Insofern kann man Westermanns Ansatz tatsächlich als ein Sichtbarmachen von Räumen verstehen, in denen Kunst zirkuliert: sowohl der aufwändig ausgestatteten Räume sammelnder Personen, Unternehmen und Institutionen als auch der nicht minder aufwändig ausgestatteten Profile der Sozialen Netzwerke als Interieurs zwischen Innenraum und Außenraum, mittels derer wir Ein- und Ausblicke gleichermaßen gewähren: Wir zeigen anderen, was wir tun, wo wir sind, was uns fasziniert und unsere Aufmerksamkeit erregt. Nicht zuletzt könnte man sich angesichts der wiederholt rechteckigen und quadratischen, teils gestaffelten Formen und Anschnitte, aus denen sich Westermanns Montagen zusammenfügen, an typische Formate und Fensterformationen digitaler Benutzeroberflächen der Bildbearbeitung und Bildbetrachtung erinnert fühlen. Dennoch bleibt dieser mögliche Bezug unaufdringlich im Hintergrund vorhanden.
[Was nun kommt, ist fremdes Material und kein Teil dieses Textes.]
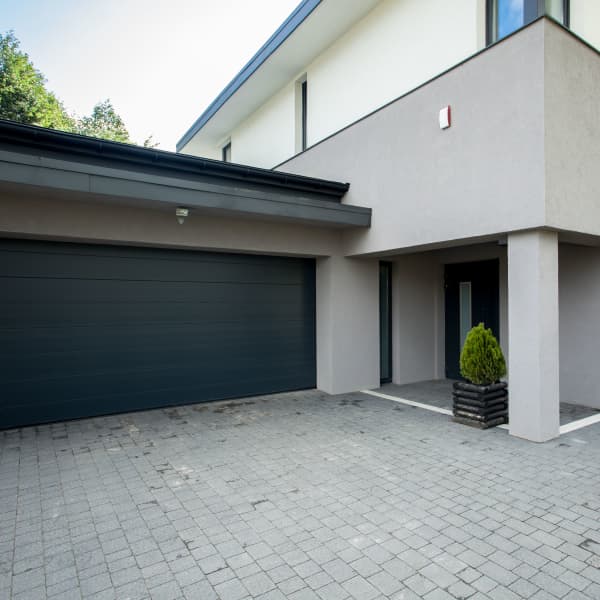 Modernes Einfamilienhaus mit gepflasterter Einfahrt.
Ähnlich wie die Arbeit am Social Media-Profil und das Komponieren von Interieurs ist auch das Arrangieren von Blumenbouquets, das eine motivische Basis von Westermanns Arbeiten bildet, ein komplexes Spiel mit Abwechslung und Einklang – ein Zusammenstellen farbiger Akzente, aber auf einer zweiten Ebene auch möglicher Ereignisse, Stimmungen und Reaktionen. Kein gepostetes Bild, kein Blumenstrauß kann antizipieren, welche Wirkung es oder er als Dekoration, Gabe oder auch implizit auffordernde Geste bei einem Gegenüber entfaltet.
Charakteristisch an den nahezu unmerklich manipulierten Fotoarbeiten Westermanns ist, dass auch hier völlig offen gehalten wird, was wir in das durch sie hergestellte Verhältnis zwischen Kunstwerken und ihren möglichen Räumlichkeiten hineinsehen sollen. Die Bilder sind keine institutionskritischen Dokumentationen der Bewegungen von Kunstwerken auf dem Markt. Sie sind keine offensiven Inszenierungen kreativer Momente, wie man sie aus den Sozialen Netzwerken vorrangig kennt. Vielmehr scheinen die Bilder zu flottieren, zwischen gewünschten Aufenthaltsorten in der Erinnerung und in der Zukunft, zwischen einer Zugehörigkeit zu bestimmten Menschen und einer Ambition auf institutionelle Anerkennung, zwischen poetischen und pragmatischen Verweisungszusammenhängen, mal hier, mal dort innehaltend auf ihrer analogen und digitalen »Reiseroute«. Ein wenig ziellos und gerade darum präsent im gezeigten Augenblick bewohnen die Bilder andere Bilder, um kurz darauf weiterzuziehen.